De façon plus technique, nous avons eu une traduction moderne des mutilations physiques et psychiques imposées au nom des lois de dieu dans certaines contrées à travers notamment les amputations physiques subis par les femmes. Je pense pour le premier à l’invasion du Mali par des extrémistes religieux depuis 2012 et pour le second aux viols subis par les femmes comme arme de guerre et également à l’excision. Les bouts de bois, ces objets qui imposent le rythme mais qui servent également de matérialisation des armes et des mutilations sont omniprésents dans la scène. Le danseur porte un voile qui nous rappelle les hommes du Sahel. Mais à la fin, l’homme perd son voile et se retrouve à danser avec ses quatre (4) longues tresses de quatre (4) couleurs différentes : le noir, le blanc, le rouge et le vert. Ces couleurs sont les couleurs qui caractérisent le monde Arabe. Je me suis donc interrogée et j’en suis arrivée à cette conclusion : pour moi ce spectacle pointe du doigt les dérives qui peuvent être faite de l’exploitation d’une culture ou d’une religion.
J’ai beaucoup aimé l’enchainement des spectacles.
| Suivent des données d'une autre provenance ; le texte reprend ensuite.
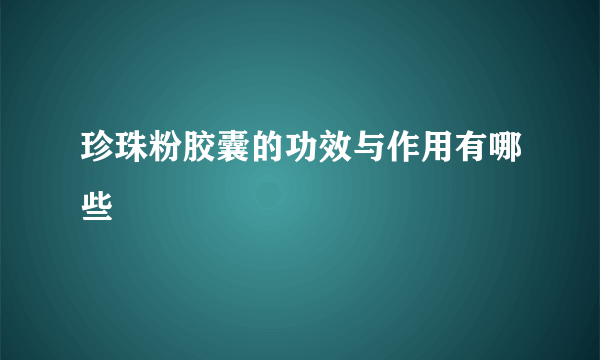 珍珠粉胶囊的功效与作用有哪些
Effectivement, le fait d’avoir mis Isabelle Schad en premier m’a permis de porter un autre regard sur les prestations qui ont suivies.
Les notions de mouvements, de rythmes et de vibrations ayant été intégrées ainsi que celle du sujet m’ont amené à repositionner à chaque fois le sujet au sein de sa mise en scène avec tout ce qu’elle comportait en terme d’objets, de sons et d’occupation de l’espace. Et ce qui est amusant, c’est que tous les danseurs étaient à chaque fois seuls mais très présents sur scène. Les musiques étaient paisibles tantôt douce, tantôt cadencées et répétitives mais toujours non agressives. J’ai vraiment aimé ce spectacle, il était posé et nous invitait à l’introspection et à notre rapport à de nombreuses situations et blessures personnelles et communes.